**Task description**
Would you please set down the lines of the data from the one containing "Fanimation Studio Collection" to the final line, exactly and only those?

**Dataset records**
_ _ _ _ _ _ _

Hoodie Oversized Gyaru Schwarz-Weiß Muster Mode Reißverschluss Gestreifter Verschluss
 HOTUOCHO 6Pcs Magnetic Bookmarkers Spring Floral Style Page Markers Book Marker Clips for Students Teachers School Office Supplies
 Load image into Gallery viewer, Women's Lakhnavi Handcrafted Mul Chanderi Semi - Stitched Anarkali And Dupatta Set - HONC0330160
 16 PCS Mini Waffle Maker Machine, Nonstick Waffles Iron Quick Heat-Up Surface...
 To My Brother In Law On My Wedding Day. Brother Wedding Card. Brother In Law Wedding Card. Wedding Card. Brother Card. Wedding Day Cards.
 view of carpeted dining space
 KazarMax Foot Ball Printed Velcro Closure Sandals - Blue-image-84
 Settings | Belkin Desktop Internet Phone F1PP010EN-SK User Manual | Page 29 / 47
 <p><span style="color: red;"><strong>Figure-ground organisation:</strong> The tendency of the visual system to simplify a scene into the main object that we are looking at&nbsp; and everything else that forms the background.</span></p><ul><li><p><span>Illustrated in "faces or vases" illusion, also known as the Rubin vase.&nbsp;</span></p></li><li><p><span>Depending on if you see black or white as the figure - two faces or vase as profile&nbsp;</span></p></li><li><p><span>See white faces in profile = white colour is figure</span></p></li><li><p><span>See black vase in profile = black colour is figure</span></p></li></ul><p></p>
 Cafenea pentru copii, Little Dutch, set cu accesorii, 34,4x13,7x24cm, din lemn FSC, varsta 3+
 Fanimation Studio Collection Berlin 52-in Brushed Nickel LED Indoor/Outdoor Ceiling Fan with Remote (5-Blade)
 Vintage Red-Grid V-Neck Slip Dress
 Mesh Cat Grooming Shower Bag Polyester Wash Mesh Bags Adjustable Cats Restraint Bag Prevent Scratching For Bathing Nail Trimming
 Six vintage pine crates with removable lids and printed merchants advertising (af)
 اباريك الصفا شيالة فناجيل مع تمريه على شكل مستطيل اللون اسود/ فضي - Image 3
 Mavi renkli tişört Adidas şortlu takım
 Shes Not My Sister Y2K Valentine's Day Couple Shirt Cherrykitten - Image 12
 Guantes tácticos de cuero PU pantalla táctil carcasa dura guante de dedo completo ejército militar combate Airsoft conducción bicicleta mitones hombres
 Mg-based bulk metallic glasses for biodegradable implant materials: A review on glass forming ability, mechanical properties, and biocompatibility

_ _ _ _ _ _ _

**Result of the exercise**
 Fanimation Studio Collection Berlin 52-in Brushed Nickel LED Indoor/Outdoor Ceiling Fan with Remote (5-Blade)
 Vintage Red-Grid V-Neck Slip Dress
 Mesh Cat Grooming Shower Bag Polyester Wash Mesh Bags Adjustable Cats Restraint Bag Prevent Scratching For Bathing Nail Trimming
 Six vintage pine crates with removable lids and printed merchants advertising (af)
 اباريك الصفا شيالة فناجيل مع تمريه على شكل مستطيل اللون اسود/ فضي - Image 3
 Mavi renkli tişört Adidas şortlu takım
 Shes Not My Sister Y2K Valentine's Day Couple Shirt Cherrykitten - Image 12
 Guantes tácticos de cuero PU pantalla táctil carcasa dura guante de dedo completo ejército militar combate Airsoft conducción bicicleta mitones hombres
 Mg-based bulk metallic glasses for biodegradable implant materials: A review on glass forming ability, mechanical properties, and biocompatibility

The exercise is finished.